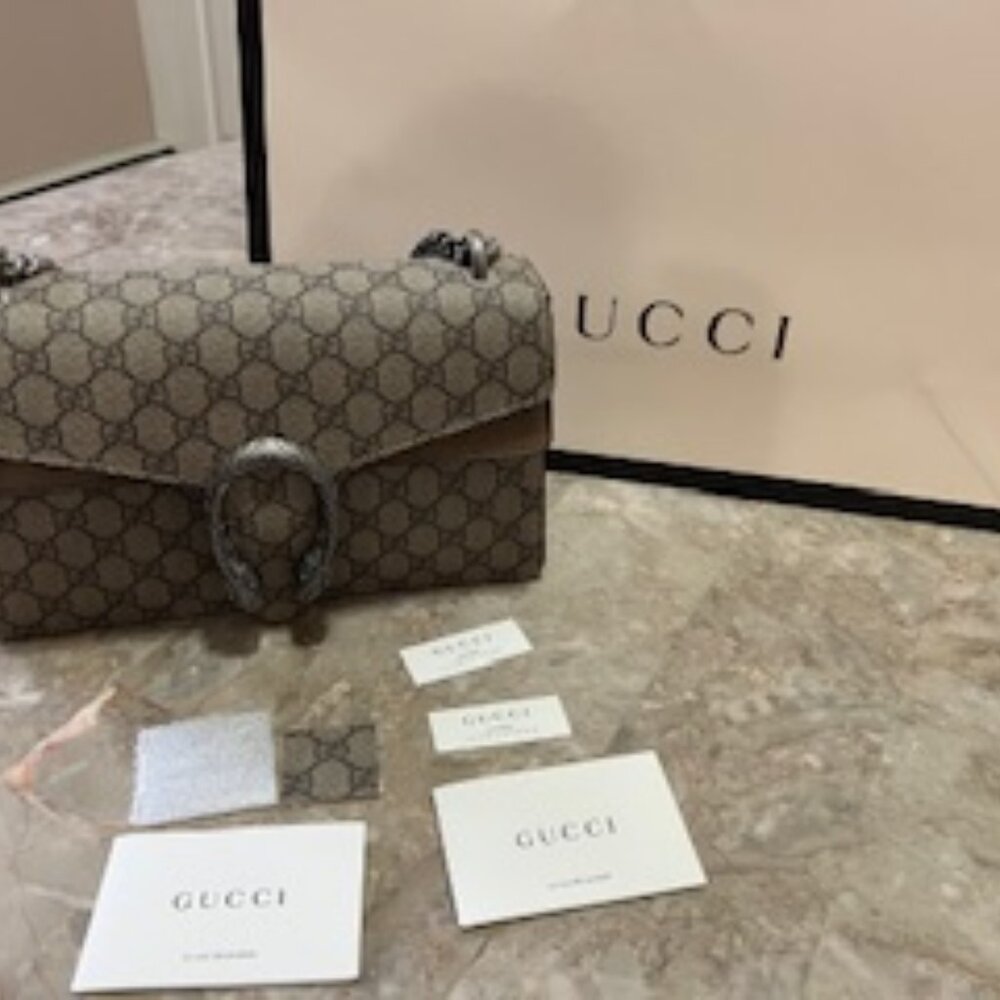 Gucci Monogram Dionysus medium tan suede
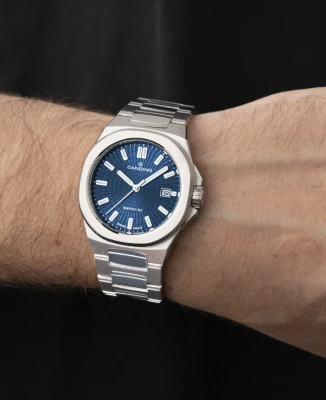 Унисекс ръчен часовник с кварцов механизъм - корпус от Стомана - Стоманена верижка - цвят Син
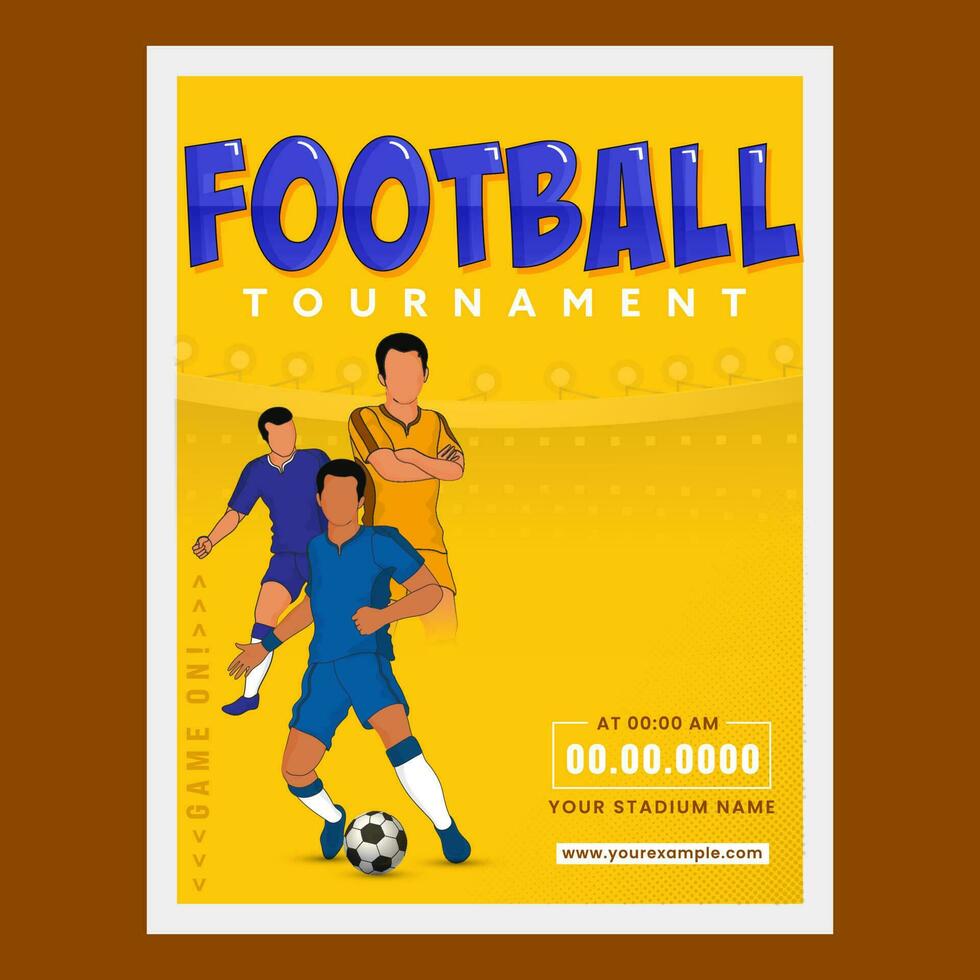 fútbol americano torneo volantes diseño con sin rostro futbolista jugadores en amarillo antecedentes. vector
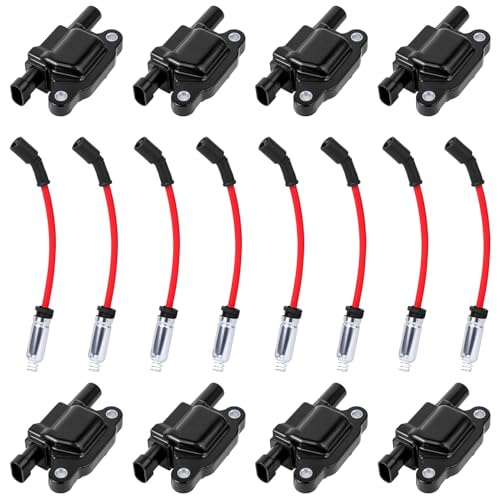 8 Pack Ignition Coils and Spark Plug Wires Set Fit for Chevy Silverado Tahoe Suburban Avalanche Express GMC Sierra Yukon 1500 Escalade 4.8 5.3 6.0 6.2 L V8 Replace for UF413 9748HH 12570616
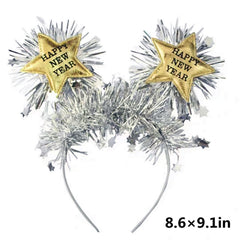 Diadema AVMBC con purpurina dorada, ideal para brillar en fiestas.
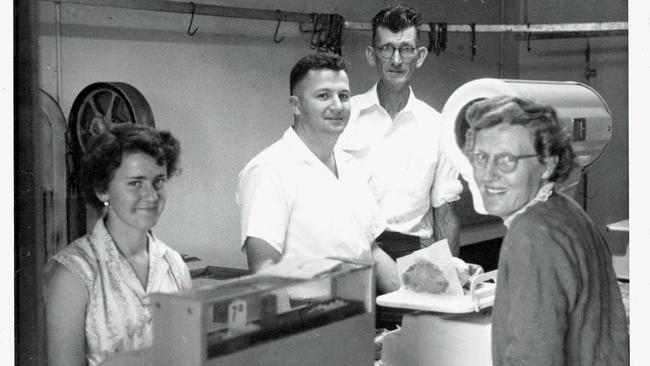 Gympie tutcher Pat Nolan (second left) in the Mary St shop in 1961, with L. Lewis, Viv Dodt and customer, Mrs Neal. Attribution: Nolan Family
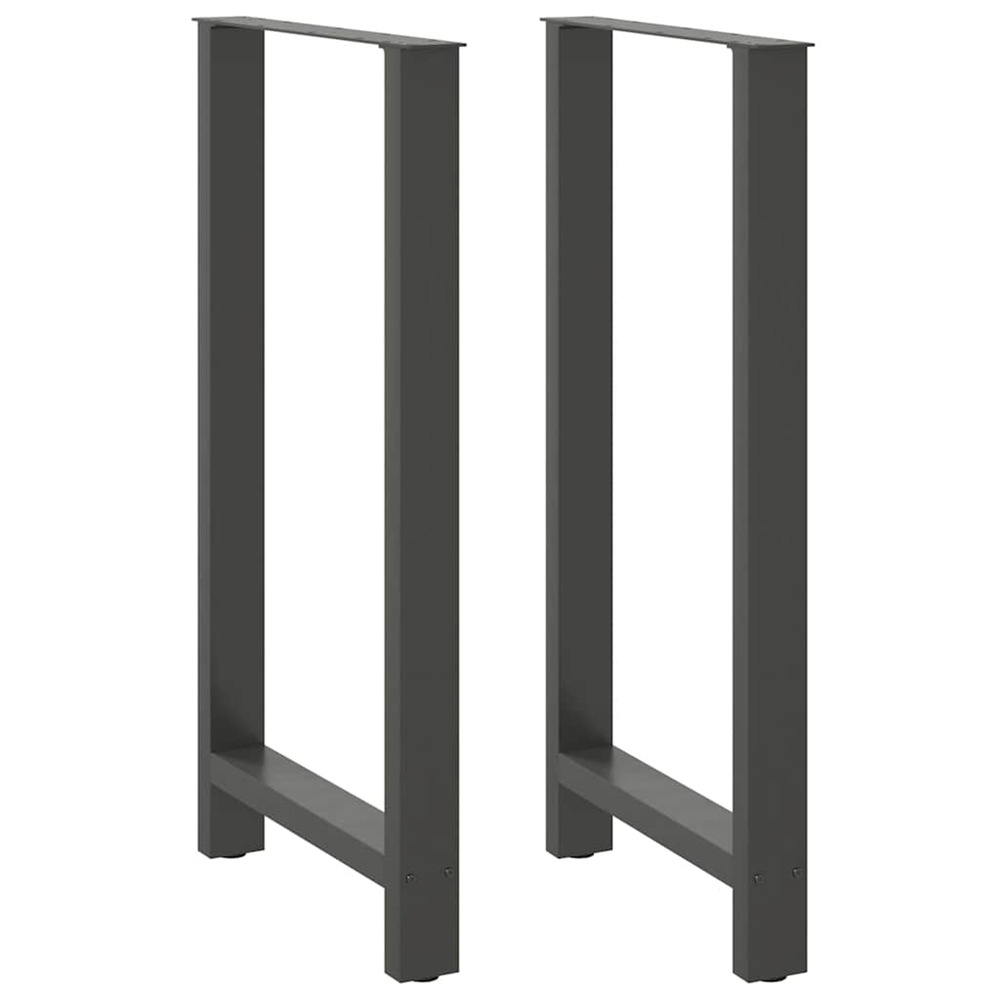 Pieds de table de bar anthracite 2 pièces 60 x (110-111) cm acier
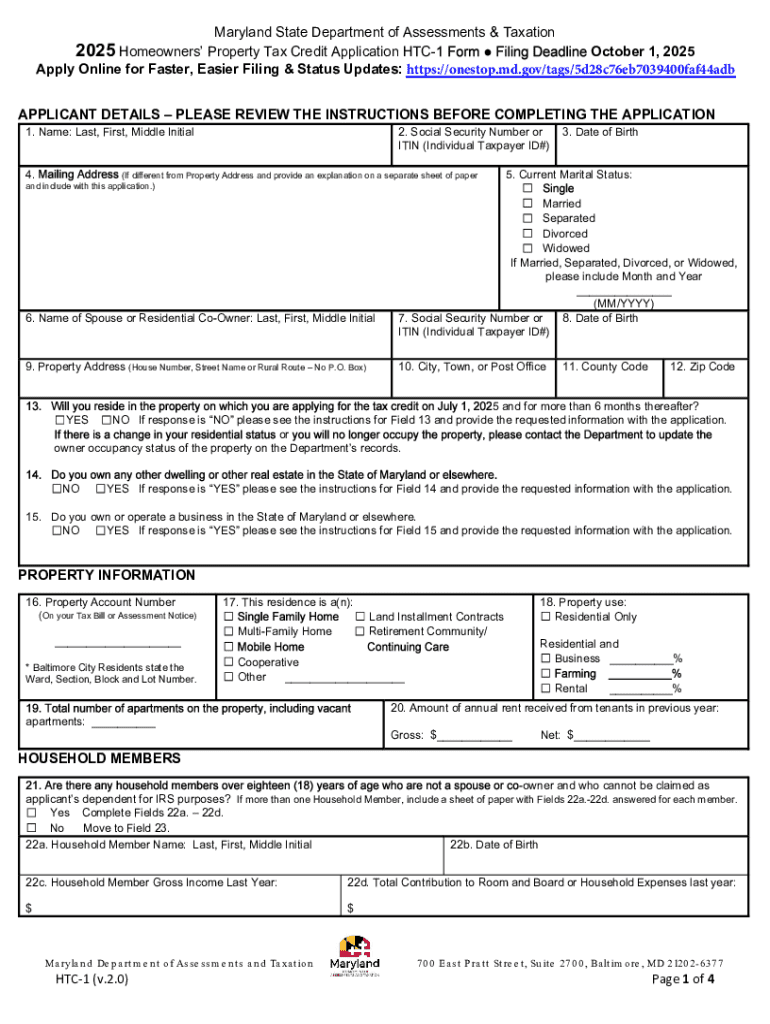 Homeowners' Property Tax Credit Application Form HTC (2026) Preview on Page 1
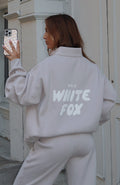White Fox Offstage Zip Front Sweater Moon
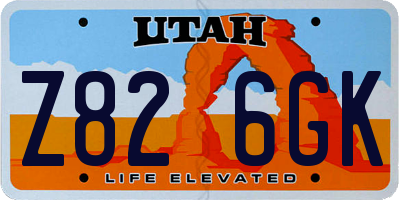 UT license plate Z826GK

WORK ITEM >> Please repeat, exactly as written, only the lines from the line with "Gympie tutcher Pat" to the end of the data, leaving out every picture.

RESULT BELOW >>
 Gympie tutcher Pat Nolan (second left) in the Mary St shop in 1961, with L. Lewis, Viv Dodt and customer, Mrs Neal. Attribution: Nolan Family
 Pieds de table de bar anthracite 2 pièces 60 x (110-111) cm acier
 Homeowners' Property Tax Credit Application Form HTC (2026) Preview on Page 1
White Fox Offstage Zip Front Sweater Moon
 UT license plate Z826GK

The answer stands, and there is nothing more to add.